Le Pavillon Noir met à l’affiche cette semaine AutoBiography, de Wayne McGregor. L’occasion d’explorer les sources d’inspiration de ce virtuose du mouvement, dont le talent et les ballets sont réclamés dans le monde entier.

« Cette pièce que j’ai créée avec ma compagnie s’appelle AutoBiography, mais toute autobiographie n’est pas nécessairement nostalgique ou commémorative », commente le chorégraphe. « L’histoire de votre vie est la somme de vos impressions et de vos expériences, de ce que vous avez lu ou pensé, des personnes que vous avez rencontrées. Elle se déploie et existe à travers le temps. Pourtant, lorsqu’il est question de la retranscrire, on attend de vous qu’elle soit correctement ordonnée dans le temps et agencée de façon à offrir un sens narratif cohérent. »

Autant dire qu’on ne doit pas s’attendre, de la part du Britannique, à une présentation linéaire qui illustrerait par la danse quelques-unes des séquences ayant marqué son existence et ses créations. Comme à l’habitude, sa démarche est à la fois plus abstraite et plus proche de la réalité des corps. Ce passionné de science et de génétique a, il y a quelques mois, demandé à des chercheurs d’analyser son propre ADN. Il a ensuite mis en lien chacune de ses vingt-trois paires de chromosomes avec un des aspects de sa vie. Non à strictement parler un élément biographique, mais plutôt un état du corps correspondant à une étape clé telle que « vieillissement », « sommeil » ou « nature ».
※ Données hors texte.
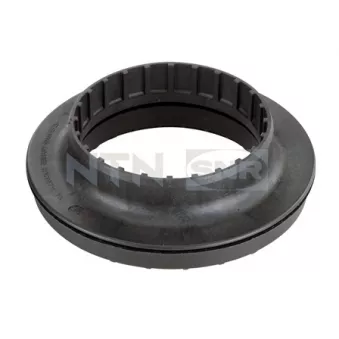 Kit de réparation, coupelle de suspension avant droit SNR M253.09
« Je voulais explorer les différentes composantes sémantiques du mot Auto/bio/graphy », explique Wayne McGregor. « Le terme implique à la fois les notions de réflexivité sur soi-même, de vie et d’écriture. J’ai travaillé avec mes danseurs pour créer une chorégraphie à partir de plusieurs sources, certaines personnelles, d’autres historiques ou culturelles.

Pour compliquer la tâche et brouiller les pistes, il n’est pas question ici d’ordre préétabli. « Mon génome entier a été entré dans un algorithme particulier qui détermine à chaque représentation la chronologie des séquences. De cette façon, nous pouvons voir la vie en train de s’écrire elle-même », poursuit le chorégraphe. « AutoBiography constitue ainsi une sorte d’archive vivante qui jamais ne se répète. ». La pièce est donc un portrait chorégraphique inédit, une « expérience de danse » qui puise aux sources mêmes du mouvement.

Les onze danseurs combinent une extrême sophistication des gestes et un engagement physique de chaque instant, sur les rythmes à la fois electros et tribaux de la compositrice américaine Jlin. Pour plonger plus loin encore dans l’univers de l’artiste, le film Wayne McGregor : une pensée en mouvement de Catherine Maximoff est projeté en libre accès au Studio Boassati les mardis 15 et mercredi 16 de 15h à 19h. Il éclaire comment, entre sciences cognitives, imagerie informatique et technique classique, Wayne McGregor a construit son langage chorégraphique.

Isabelle Calabre

A voir les 15 et 16 janvier à 20h au Pavillon Noir, Aix-en-Provence.